:: Source records ::

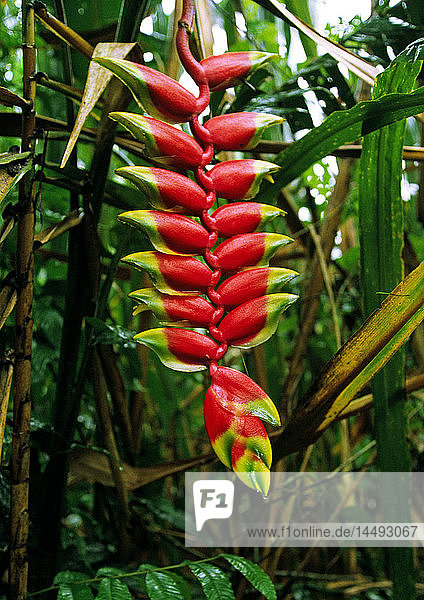 Red flower in rainforest close-up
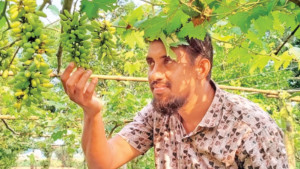 ২৫ জাতের আঙুর মাসুদের বাগানে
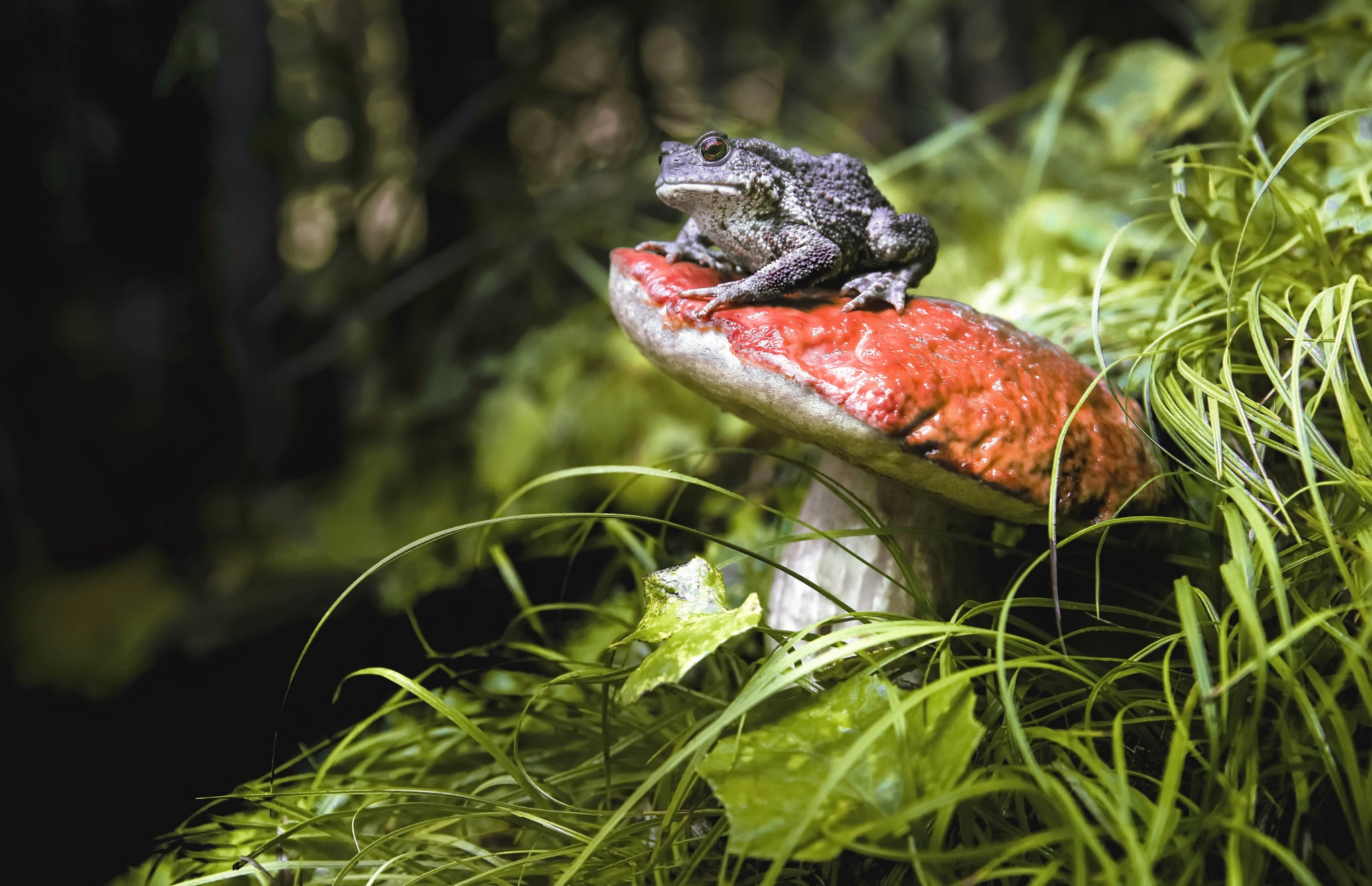 HD desktop wallpaper: Frogs, Animal, Mushroom, Frog, Amphibian, Depth Of Field download free picture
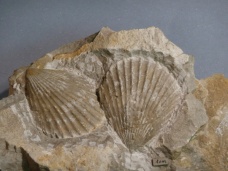 Velopecten astartinus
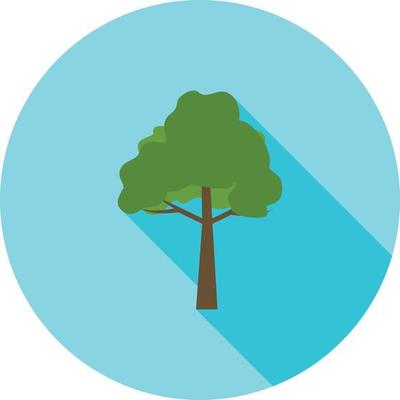 Tree Flat Long Shadow Icon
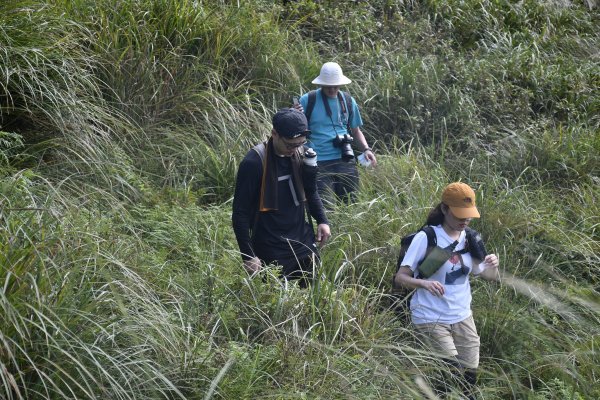 灣坑頭越嶺：吾居吾墅連走大嶺古道1491729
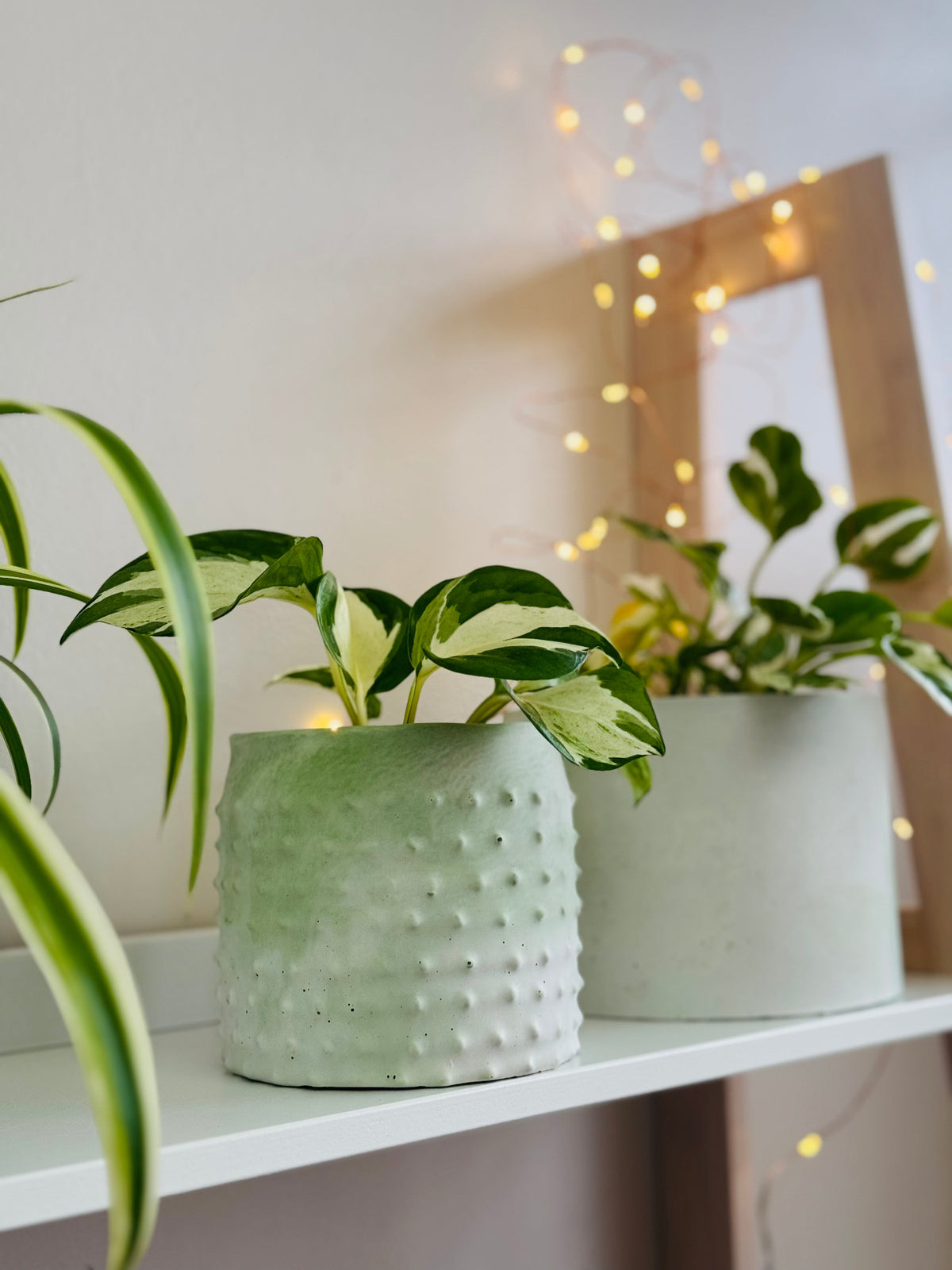 Des cache pots  vert menthe clair avec des pothos manjula 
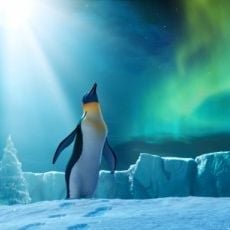 Foto Happy Feet 2 - O Pinguim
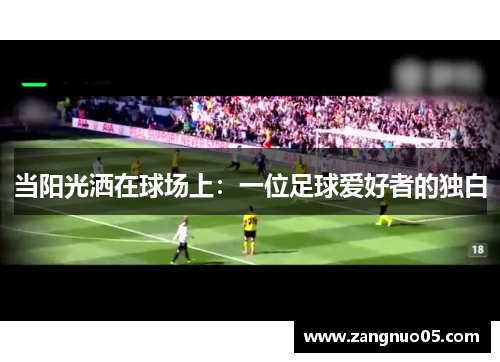 当阳光洒在球场上：一位足球爱好者的独白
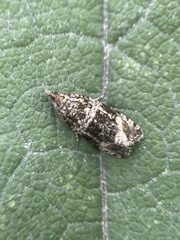 Syricoris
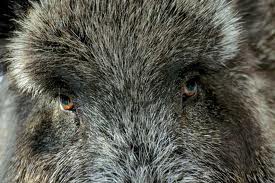 Игра на ЯПе: Угадай АВТО-2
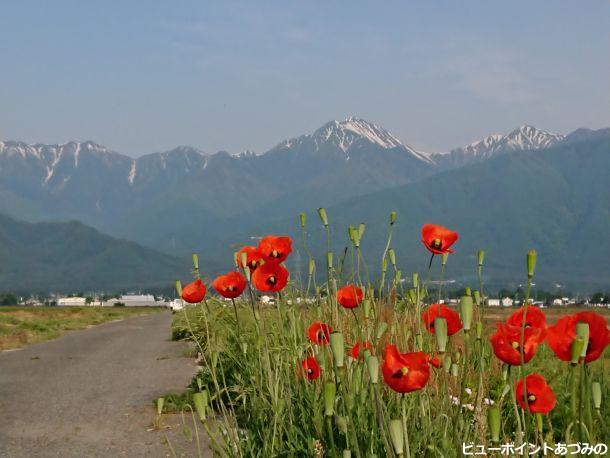 ヒナゲシと常念岳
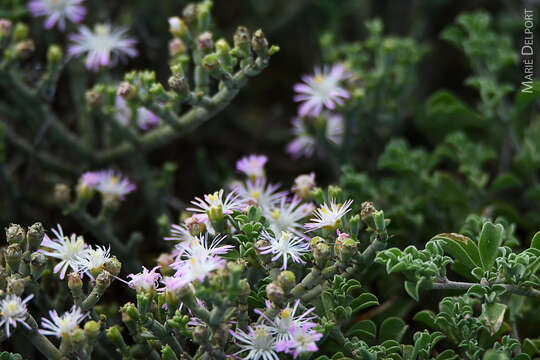 Imagem de Mesembryanthemum articulatum Thunb.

:::

| Exercise directions |
Would you copy all of the data exactly? Keep the pictures out of it.

| Solution for this problem |
 Red flower in rainforest close-up
 ২৫ জাতের আঙুর মাসুদের বাগানে
 HD desktop wallpaper: Frogs, Animal, Mushroom, Frog, Amphibian, Depth Of Field download free picture
 Velopecten astartinus
 Tree Flat Long Shadow Icon
 灣坑頭越嶺：吾居吾墅連走大嶺古道1491729
 Des cache pots  vert menthe clair avec des pothos manjula 
 Foto Happy Feet 2 - O Pinguim
 当阳光洒在球场上：一位足球爱好者的独白
 Syricoris
 Игра на ЯПе: Угадай АВТО-2
 ヒナゲシと常念岳
 Imagem de Mesembryanthemum articulatum Thunb.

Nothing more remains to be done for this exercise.